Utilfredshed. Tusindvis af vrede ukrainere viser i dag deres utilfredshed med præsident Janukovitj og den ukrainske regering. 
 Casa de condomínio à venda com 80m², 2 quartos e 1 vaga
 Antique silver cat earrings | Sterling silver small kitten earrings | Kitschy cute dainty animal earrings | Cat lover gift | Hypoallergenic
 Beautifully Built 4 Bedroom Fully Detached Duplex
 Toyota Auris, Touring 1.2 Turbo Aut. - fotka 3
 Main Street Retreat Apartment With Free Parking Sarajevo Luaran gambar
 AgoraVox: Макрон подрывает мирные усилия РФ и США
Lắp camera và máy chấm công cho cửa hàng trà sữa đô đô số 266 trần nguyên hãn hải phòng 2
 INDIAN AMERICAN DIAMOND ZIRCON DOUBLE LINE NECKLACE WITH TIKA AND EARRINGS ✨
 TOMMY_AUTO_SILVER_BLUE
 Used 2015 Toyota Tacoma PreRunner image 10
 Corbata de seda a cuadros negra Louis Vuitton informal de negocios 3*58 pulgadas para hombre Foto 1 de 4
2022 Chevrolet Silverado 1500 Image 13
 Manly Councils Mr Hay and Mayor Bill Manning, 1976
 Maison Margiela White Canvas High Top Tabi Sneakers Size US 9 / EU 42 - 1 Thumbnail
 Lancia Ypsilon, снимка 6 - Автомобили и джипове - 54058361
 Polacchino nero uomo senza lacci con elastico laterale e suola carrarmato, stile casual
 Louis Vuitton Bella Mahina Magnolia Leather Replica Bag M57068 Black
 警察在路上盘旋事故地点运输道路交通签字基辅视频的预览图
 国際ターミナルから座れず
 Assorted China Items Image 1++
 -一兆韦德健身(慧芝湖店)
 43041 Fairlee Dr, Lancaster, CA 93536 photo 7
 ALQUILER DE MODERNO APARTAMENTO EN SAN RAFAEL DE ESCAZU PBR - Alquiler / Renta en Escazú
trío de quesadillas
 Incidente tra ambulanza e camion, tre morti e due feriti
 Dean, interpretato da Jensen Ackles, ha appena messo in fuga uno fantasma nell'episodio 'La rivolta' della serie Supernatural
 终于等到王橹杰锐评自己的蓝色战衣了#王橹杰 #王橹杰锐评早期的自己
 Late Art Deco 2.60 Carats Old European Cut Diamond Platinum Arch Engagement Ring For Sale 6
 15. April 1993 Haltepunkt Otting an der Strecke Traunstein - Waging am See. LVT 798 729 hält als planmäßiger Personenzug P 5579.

* Task item
Answer with the exact lines running from the one that contains "Late Art Deco" through the last line of the data. Include no other line.

* Response to this task
 Late Art Deco 2.60 Carats Old European Cut Diamond Platinum Arch Engagement Ring For Sale 6
 15. April 1993 Haltepunkt Otting an der Strecke Traunstein - Waging am See. LVT 798 729 hält als planmäßiger Personenzug P 5579.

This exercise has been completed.